◆ Your task
Send back the records in full, character for character.
# # #
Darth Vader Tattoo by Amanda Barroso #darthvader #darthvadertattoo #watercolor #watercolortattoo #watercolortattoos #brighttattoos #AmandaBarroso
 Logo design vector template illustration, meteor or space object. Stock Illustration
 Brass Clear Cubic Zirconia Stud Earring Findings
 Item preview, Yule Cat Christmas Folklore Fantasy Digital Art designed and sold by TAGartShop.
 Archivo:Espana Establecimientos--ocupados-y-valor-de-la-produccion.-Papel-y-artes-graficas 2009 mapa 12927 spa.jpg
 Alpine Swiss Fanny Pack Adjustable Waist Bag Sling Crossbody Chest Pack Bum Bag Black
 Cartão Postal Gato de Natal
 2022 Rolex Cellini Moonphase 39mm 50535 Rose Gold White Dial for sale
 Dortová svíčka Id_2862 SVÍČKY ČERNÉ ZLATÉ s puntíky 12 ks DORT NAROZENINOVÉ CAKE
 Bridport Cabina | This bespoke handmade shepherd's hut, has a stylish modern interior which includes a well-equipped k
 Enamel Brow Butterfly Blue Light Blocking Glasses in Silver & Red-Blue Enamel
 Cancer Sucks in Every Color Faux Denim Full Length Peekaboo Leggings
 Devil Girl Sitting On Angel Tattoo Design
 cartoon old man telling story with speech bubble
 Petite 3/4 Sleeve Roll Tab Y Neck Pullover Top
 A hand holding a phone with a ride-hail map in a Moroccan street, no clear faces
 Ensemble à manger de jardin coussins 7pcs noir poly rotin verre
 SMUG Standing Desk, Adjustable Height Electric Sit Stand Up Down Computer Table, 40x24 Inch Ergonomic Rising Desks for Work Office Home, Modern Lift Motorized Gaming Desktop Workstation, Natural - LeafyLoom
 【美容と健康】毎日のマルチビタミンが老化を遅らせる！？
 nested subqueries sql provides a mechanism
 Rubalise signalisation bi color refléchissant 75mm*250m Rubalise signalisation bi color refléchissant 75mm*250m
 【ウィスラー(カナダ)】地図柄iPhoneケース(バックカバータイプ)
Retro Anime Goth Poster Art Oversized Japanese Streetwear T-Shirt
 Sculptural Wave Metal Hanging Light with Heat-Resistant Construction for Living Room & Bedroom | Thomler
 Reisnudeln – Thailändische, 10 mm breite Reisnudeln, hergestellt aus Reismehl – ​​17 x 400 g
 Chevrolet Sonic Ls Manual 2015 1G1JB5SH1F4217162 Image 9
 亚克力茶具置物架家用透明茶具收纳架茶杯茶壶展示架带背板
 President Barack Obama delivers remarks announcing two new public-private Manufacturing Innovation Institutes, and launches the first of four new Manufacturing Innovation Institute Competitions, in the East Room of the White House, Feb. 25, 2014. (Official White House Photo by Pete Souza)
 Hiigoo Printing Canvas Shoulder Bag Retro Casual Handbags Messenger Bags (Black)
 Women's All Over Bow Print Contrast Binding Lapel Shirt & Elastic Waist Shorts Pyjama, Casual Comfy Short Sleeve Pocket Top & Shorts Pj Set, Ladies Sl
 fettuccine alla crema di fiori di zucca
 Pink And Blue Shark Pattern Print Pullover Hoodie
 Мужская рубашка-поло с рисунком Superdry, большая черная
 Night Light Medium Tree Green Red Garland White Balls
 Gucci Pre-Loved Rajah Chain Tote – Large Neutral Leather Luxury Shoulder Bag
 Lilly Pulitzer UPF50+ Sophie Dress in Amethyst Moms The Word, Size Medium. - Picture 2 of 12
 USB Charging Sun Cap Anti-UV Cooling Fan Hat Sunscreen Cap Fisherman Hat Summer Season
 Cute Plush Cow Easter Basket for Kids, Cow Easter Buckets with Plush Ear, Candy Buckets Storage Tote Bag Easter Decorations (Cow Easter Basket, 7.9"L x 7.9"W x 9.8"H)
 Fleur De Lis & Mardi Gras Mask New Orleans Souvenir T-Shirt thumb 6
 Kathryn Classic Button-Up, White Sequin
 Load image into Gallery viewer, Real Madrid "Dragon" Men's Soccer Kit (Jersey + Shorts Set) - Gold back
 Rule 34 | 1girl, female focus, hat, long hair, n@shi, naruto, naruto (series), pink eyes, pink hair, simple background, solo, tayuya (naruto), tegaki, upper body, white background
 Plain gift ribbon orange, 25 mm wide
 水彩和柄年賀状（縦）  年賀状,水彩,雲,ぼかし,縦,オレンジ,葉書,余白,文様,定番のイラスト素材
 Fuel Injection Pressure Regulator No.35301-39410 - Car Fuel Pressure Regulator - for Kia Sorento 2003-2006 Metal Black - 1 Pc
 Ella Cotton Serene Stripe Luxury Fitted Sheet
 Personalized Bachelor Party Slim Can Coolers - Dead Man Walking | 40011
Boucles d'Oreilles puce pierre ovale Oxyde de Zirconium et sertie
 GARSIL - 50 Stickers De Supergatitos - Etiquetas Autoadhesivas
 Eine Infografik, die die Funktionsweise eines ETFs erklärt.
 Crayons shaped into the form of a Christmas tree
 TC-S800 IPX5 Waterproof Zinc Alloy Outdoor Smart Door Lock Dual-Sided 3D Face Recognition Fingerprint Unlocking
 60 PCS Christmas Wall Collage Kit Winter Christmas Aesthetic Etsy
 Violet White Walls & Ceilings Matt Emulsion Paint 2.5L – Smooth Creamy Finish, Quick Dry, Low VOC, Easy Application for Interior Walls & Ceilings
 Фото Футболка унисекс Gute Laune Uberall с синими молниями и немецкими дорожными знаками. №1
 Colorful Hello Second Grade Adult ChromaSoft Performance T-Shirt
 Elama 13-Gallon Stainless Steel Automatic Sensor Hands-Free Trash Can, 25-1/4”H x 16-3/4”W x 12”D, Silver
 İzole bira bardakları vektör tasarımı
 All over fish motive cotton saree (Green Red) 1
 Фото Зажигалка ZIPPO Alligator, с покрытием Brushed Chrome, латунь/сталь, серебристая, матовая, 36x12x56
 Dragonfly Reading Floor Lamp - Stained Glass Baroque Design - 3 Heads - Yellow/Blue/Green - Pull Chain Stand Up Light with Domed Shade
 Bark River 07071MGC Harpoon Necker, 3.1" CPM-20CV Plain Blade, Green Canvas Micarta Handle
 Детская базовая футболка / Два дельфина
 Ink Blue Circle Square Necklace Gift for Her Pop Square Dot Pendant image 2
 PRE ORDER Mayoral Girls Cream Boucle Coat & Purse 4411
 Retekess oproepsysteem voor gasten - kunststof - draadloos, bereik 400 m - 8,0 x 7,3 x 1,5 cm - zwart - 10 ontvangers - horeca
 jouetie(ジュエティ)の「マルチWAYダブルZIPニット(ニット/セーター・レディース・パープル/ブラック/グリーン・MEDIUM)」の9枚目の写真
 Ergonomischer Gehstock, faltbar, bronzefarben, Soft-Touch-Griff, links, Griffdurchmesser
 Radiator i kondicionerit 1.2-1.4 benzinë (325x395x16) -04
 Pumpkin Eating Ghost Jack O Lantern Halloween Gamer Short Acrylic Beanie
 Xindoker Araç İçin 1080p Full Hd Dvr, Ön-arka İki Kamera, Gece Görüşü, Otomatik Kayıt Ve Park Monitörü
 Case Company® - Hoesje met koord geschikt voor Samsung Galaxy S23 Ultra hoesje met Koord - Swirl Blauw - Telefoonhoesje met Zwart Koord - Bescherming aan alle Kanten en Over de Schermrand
# # #
◆ Task result
Darth Vader Tattoo by Amanda Barroso #darthvader #darthvadertattoo #watercolor #watercolortattoo #watercolortattoos #brighttattoos #AmandaBarroso
 Logo design vector template illustration, meteor or space object. Stock Illustration
 Brass Clear Cubic Zirconia Stud Earring Findings
 Item preview, Yule Cat Christmas Folklore Fantasy Digital Art designed and sold by TAGartShop.
 Archivo:Espana Establecimientos--ocupados-y-valor-de-la-produccion.-Papel-y-artes-graficas 2009 mapa 12927 spa.jpg
 Alpine Swiss Fanny Pack Adjustable Waist Bag Sling Crossbody Chest Pack Bum Bag Black
 Cartão Postal Gato de Natal
 2022 Rolex Cellini Moonphase 39mm 50535 Rose Gold White Dial for sale
 Dortová svíčka Id_2862 SVÍČKY ČERNÉ ZLATÉ s puntíky 12 ks DORT NAROZENINOVÉ CAKE
 Bridport Cabina | This bespoke handmade shepherd's hut, has a stylish modern interior which includes a well-equipped k
 Enamel Brow Butterfly Blue Light Blocking Glasses in Silver & Red-Blue Enamel
 Cancer Sucks in Every Color Faux Denim Full Length Peekaboo Leggings
 Devil Girl Sitting On Angel Tattoo Design
 cartoon old man telling story with speech bubble
 Petite 3/4 Sleeve Roll Tab Y Neck Pullover Top
 A hand holding a phone with a ride-hail map in a Moroccan street, no clear faces
 Ensemble à manger de jardin coussins 7pcs noir poly rotin verre
 SMUG Standing Desk, Adjustable Height Electric Sit Stand Up Down Computer Table, 40x24 Inch Ergonomic Rising Desks for Work Office Home, Modern Lift Motorized Gaming Desktop Workstation, Natural - LeafyLoom
 【美容と健康】毎日のマルチビタミンが老化を遅らせる！？
 nested subqueries sql provides a mechanism
 Rubalise signalisation bi color refléchissant 75mm*250m Rubalise signalisation bi color refléchissant 75mm*250m
 【ウィスラー(カナダ)】地図柄iPhoneケース(バックカバータイプ)
Retro Anime Goth Poster Art Oversized Japanese Streetwear T-Shirt
 Sculptural Wave Metal Hanging Light with Heat-Resistant Construction for Living Room & Bedroom | Thomler
 Reisnudeln – Thailändische, 10 mm breite Reisnudeln, hergestellt aus Reismehl – ​​17 x 400 g
 Chevrolet Sonic Ls Manual 2015 1G1JB5SH1F4217162 Image 9
 亚克力茶具置物架家用透明茶具收纳架茶杯茶壶展示架带背板
 President Barack Obama delivers remarks announcing two new public-private Manufacturing Innovation Institutes, and launches the first of four new Manufacturing Innovation Institute Competitions, in the East Room of the White House, Feb. 25, 2014. (Official White House Photo by Pete Souza)
 Hiigoo Printing Canvas Shoulder Bag Retro Casual Handbags Messenger Bags (Black)
 Women's All Over Bow Print Contrast Binding Lapel Shirt & Elastic Waist Shorts Pyjama, Casual Comfy Short Sleeve Pocket Top & Shorts Pj Set, Ladies Sl
 fettuccine alla crema di fiori di zucca
 Pink And Blue Shark Pattern Print Pullover Hoodie
 Мужская рубашка-поло с рисунком Superdry, большая черная
 Night Light Medium Tree Green Red Garland White Balls
 Gucci Pre-Loved Rajah Chain Tote – Large Neutral Leather Luxury Shoulder Bag
 Lilly Pulitzer UPF50+ Sophie Dress in Amethyst Moms The Word, Size Medium. - Picture 2 of 12
 USB Charging Sun Cap Anti-UV Cooling Fan Hat Sunscreen Cap Fisherman Hat Summer Season
 Cute Plush Cow Easter Basket for Kids, Cow Easter Buckets with Plush Ear, Candy Buckets Storage Tote Bag Easter Decorations (Cow Easter Basket, 7.9"L x 7.9"W x 9.8"H)
 Fleur De Lis & Mardi Gras Mask New Orleans Souvenir T-Shirt thumb 6
 Kathryn Classic Button-Up, White Sequin
 Load image into Gallery viewer, Real Madrid "Dragon" Men's Soccer Kit (Jersey + Shorts Set) - Gold back
 Rule 34 | 1girl, female focus, hat, long hair, n@shi, naruto, naruto (series), pink eyes, pink hair, simple background, solo, tayuya (naruto), tegaki, upper body, white background
 Plain gift ribbon orange, 25 mm wide
 水彩和柄年賀状（縦）  年賀状,水彩,雲,ぼかし,縦,オレンジ,葉書,余白,文様,定番のイラスト素材
 Fuel Injection Pressure Regulator No.35301-39410 - Car Fuel Pressure Regulator - for Kia Sorento 2003-2006 Metal Black - 1 Pc
 Ella Cotton Serene Stripe Luxury Fitted Sheet
 Personalized Bachelor Party Slim Can Coolers - Dead Man Walking | 40011
Boucles d'Oreilles puce pierre ovale Oxyde de Zirconium et sertie
 GARSIL - 50 Stickers De Supergatitos - Etiquetas Autoadhesivas
 Eine Infografik, die die Funktionsweise eines ETFs erklärt.
 Crayons shaped into the form of a Christmas tree
 TC-S800 IPX5 Waterproof Zinc Alloy Outdoor Smart Door Lock Dual-Sided 3D Face Recognition Fingerprint Unlocking
 60 PCS Christmas Wall Collage Kit Winter Christmas Aesthetic Etsy
 Violet White Walls & Ceilings Matt Emulsion Paint 2.5L – Smooth Creamy Finish, Quick Dry, Low VOC, Easy Application for Interior Walls & Ceilings
 Фото Футболка унисекс Gute Laune Uberall с синими молниями и немецкими дорожными знаками. №1
 Colorful Hello Second Grade Adult ChromaSoft Performance T-Shirt
 Elama 13-Gallon Stainless Steel Automatic Sensor Hands-Free Trash Can, 25-1/4”H x 16-3/4”W x 12”D, Silver
 İzole bira bardakları vektör tasarımı
 All over fish motive cotton saree (Green Red) 1
 Фото Зажигалка ZIPPO Alligator, с покрытием Brushed Chrome, латунь/сталь, серебристая, матовая, 36x12x56
 Dragonfly Reading Floor Lamp - Stained Glass Baroque Design - 3 Heads - Yellow/Blue/Green - Pull Chain Stand Up Light with Domed Shade
 Bark River 07071MGC Harpoon Necker, 3.1" CPM-20CV Plain Blade, Green Canvas Micarta Handle
 Детская базовая футболка / Два дельфина
 Ink Blue Circle Square Necklace Gift for Her Pop Square Dot Pendant image 2
 PRE ORDER Mayoral Girls Cream Boucle Coat & Purse 4411
 Retekess oproepsysteem voor gasten - kunststof - draadloos, bereik 400 m - 8,0 x 7,3 x 1,5 cm - zwart - 10 ontvangers - horeca
 jouetie(ジュエティ)の「マルチWAYダブルZIPニット(ニット/セーター・レディース・パープル/ブラック/グリーン・MEDIUM)」の9枚目の写真
 Ergonomischer Gehstock, faltbar, bronzefarben, Soft-Touch-Griff, links, Griffdurchmesser
 Radiator i kondicionerit 1.2-1.4 benzinë (325x395x16) -04
 Pumpkin Eating Ghost Jack O Lantern Halloween Gamer Short Acrylic Beanie
 Xindoker Araç İçin 1080p Full Hd Dvr, Ön-arka İki Kamera, Gece Görüşü, Otomatik Kayıt Ve Park Monitörü
 Case Company® - Hoesje met koord geschikt voor Samsung Galaxy S23 Ultra hoesje met Koord - Swirl Blauw - Telefoonhoesje met Zwart Koord - Bescherming aan alle Kanten en Over de Schermrand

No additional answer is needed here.